Angélica Liddell es, hoy, el primer nombre internacional del teatro español. La descubrí hace muchos años. Reconocí en ella al genio y la he dedicado una docena de artículos exigentes pero asombrados. Mi inolvidado amigo Antonio Buero Vallejo, el mejor dramaturgo español desde Calderón de la Barca, no consiguió el premio Avignon que, por dos veces, ha consagrado a Angélica Liddell. Su Trilogía del infinito (Esta breve tragedia de la carne, ¿Qué haré yo con esta espada? y Génesis) que acaba de representarse en los Teatros del Canal, con éxito fulgurante, mereció una crítica justa en The New York Times, firmada por Vincentelli: “Esta breve tragedia de la carne posee una profunda y dolorida grandeza y una generosidad en la que cuerpo y mente se aceptan en todas sus variaciones… La pieza se despliega como una sucesión de escenas visualmente sorprendentes; puedes congelar el fotograma en cualquier segundo del espectáculo y obtener una composición perfecta”. No sé si habrá algún dramaturgo español que haya obtenido semejante crítica del primer periódico del mundo y el más influyente.
Acabo de leer la poesía completa de Emily Dickinson, editada por Chus Visor en un tomo bilingüe de 1.500 páginas, con prólogo sagaz y traducción rigurosa de José Luis Rey. El aliento lírico de la poeta y su pensamiento sideral que nos devuelve al cosmos engendrador supera a los dos grandes estadounidenses del siglo XIX: Walt Whitman y Edgar Allan Poe.
La Trilogía del infinito de Angélica Liddell se enciende -Esta breve tragedia de la carne- en el verso de Emily Dickinson.

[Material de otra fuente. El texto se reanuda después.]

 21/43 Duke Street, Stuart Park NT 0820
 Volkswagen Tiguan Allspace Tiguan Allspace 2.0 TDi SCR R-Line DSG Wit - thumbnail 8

Las almas de la poeta americana y la dramaturga española se dan cita en el abismo del pensamiento sideral. “Tú y yo somos dos seres primitivos, Adán y Eva, que están en el principio de los tiempos y no tienen nada que ocultarse”. Ambas, Angélica y Emily, escriben un ensayo, en verso o en diálogo, de Metafísica general, de Ontología, para despellejar al ser, al ente humano y contradictorio. La obra que se acaba de representar en Madrid, admirable teatro de símbolos, es toda ella Angélica Liddell, que es un animal teatral, hostil siempre al entorno convencional. Con voluntad decidida de antisistema, escribe el texto erizado, alza una escenografía provocadora y deslumbrante, dibuja los figurines agresivos y dirige además a todos, incluso a ella misma como actriz, con sentido y conocimiento de la última vanguardia. Se rinde Angélica, Premio Valle-Inclán, a la ternura de una actriz y un actor, ambos con síndrome de Down, que recitan a Shakespeare como Romeo y Julieta y se besan de puntillas. Tiene algunos defectos la Trilogía del infinito, pero dejo a la crítica que los señale, con esa sorna con que algunos distinguen la obra de Angélica Liddell.

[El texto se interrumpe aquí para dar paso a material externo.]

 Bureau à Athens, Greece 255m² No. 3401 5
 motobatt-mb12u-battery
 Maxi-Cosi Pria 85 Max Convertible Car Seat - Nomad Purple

¡Qué teatro estamos viendo en Madrid! Es un regalo para el buen gusto literario y artístico. Coincidiendo con Angélica Liddell, me trasladé al Teatro Real para contemplar y escuchar Die Soldaten, la ópera de Zimmermann que Gregorio Marañón, Ignacio García-Berenguer y Joan Matabosch han tenido el acierto de programar, asegurándose, además, la provocación al encargar la dirección de escena a Calixto Bieito. Música arrebatadora que me sorprendió por su envergadura y aunque la calidad de las voces se fragilizaba con algunas desigualdades, el resultado general resultó brillante, incluso sobresaliente para indignación injusta de un sector del público demasiado convencional y aburguesado.

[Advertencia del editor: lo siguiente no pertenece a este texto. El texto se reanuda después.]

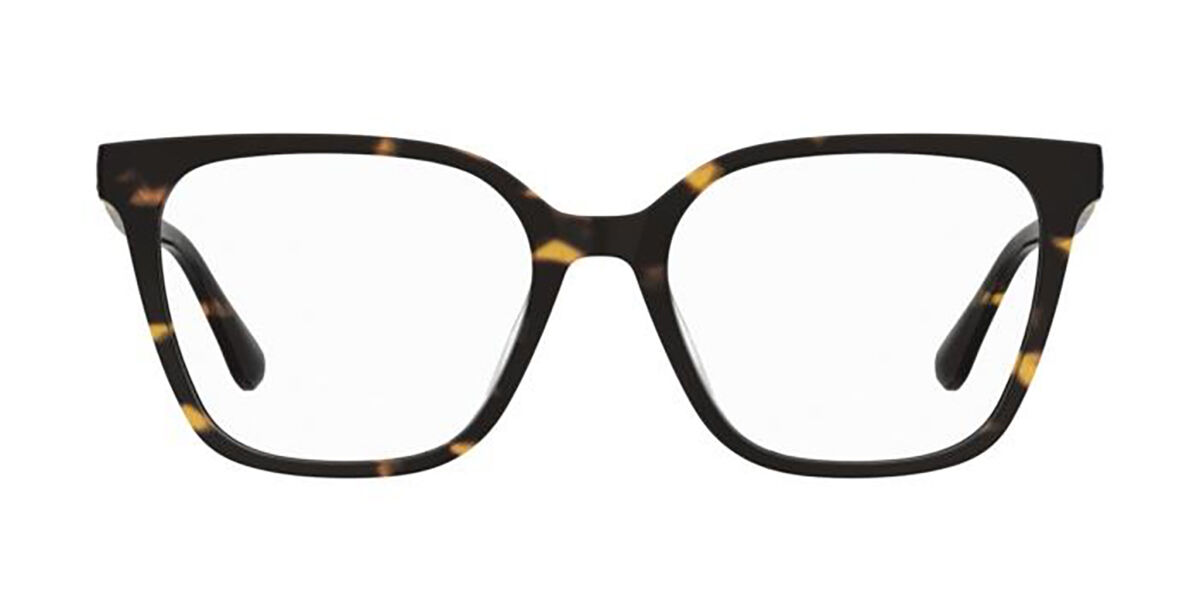 Pierre Cardin P.C. …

Habrá que aceptar sin acritud a esos aficionados a la ópera que solo se complacen con las obras tradicionales del circuito, las escenografías convencionales y la música, a la que no se puede negar calidad, del siglo XIX. Rechazan cualquier innovación, cuando la ópera es la máxima expresión cultural y debe estar abierta a la innovación y a la vanguardia y, por tanto, al debate y la controversia.